One day, he was reading a magazine article in which a woman described her own near-death experience. She remembers seeing angels, stained glass, and a white fountain. Shade was convinced that they saw the same fountain and that this was proof of the afterlife. He tracked down the woman but found her silly and dull. He contacted the writer of the article, who revealed that the word fountain was a misprint; the woman saw a “mountain, not fountain” (53).

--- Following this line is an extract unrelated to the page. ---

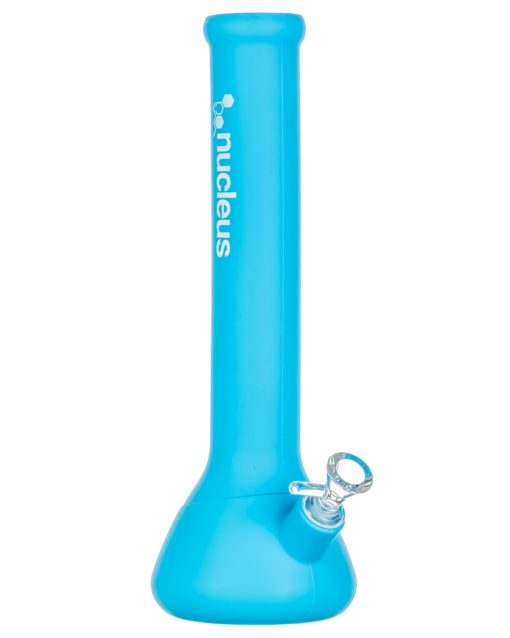 Blue Silicone Beaker Bong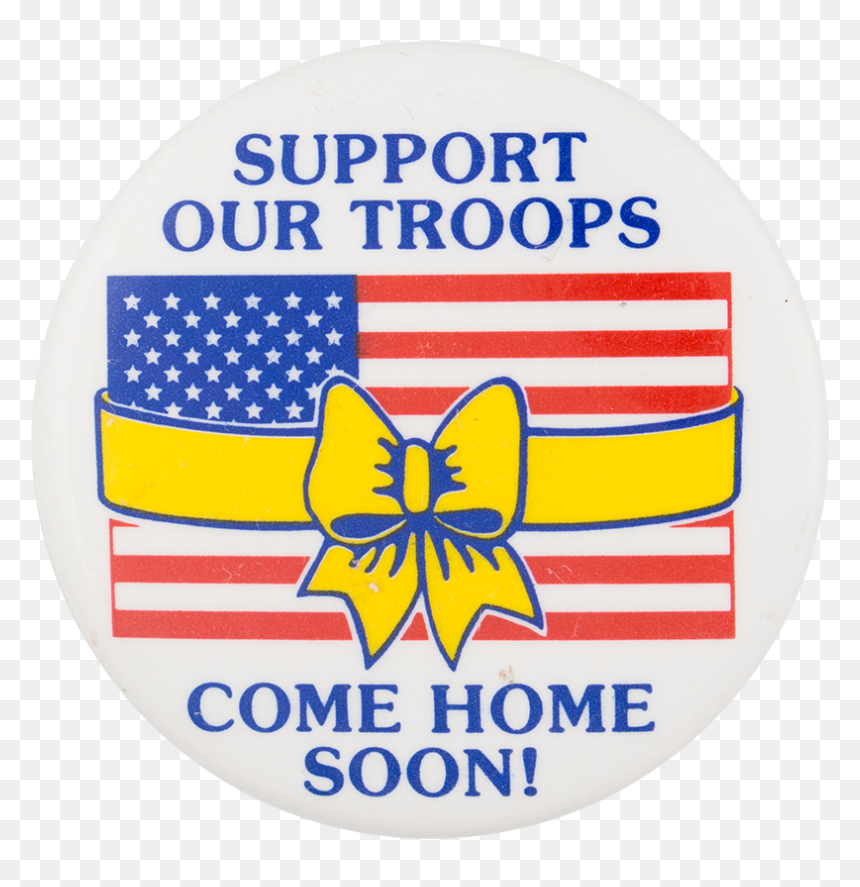 Support Our Troops Cause Button Museum - Space Suit, HD Png Download - support our troops png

Shade realized that his evidence for the afterlife was based on a mistake. Rather than deter his pursuit of the truth, however, this revelation became an important part of his theory about life after death. Rather than nonsense, Shade believes in a broader “web of sense” (53). He searches for patterns in his life, which he believes will give him pleasure. This pleasure will be the same as that felt by “they who played” the game (54). These players have no physical form and cannot be seen or heard. Instead, Shade suggests, they play a “game of worlds” in which they give long lives to some and early deaths to others (54). Shade once tried to tell his wife about his theory, but she was more focused on practical matters.

Canto 4 Summary

Shade believes that he has sought out “beauty” as no one else has ever done. He is willing to try what no one else has. He describes the writing process, which he believes takes two forms. In the first method, poets carry out other tasks while their unconsciousness conjures up ideas. In the second method, poets sit down at a desk with pen and paper and try to summon their ideas deliberately. The first method demands that everything already exists in the poet’s mind, and this, Shade says, can be painful. However, this method can produce better poetry because it is less likely to produce placeholder lines, such as those written when the poet uses the second method. Inspiration often occurs when the poet is going about their life rather than sitting at a desk, trying to write.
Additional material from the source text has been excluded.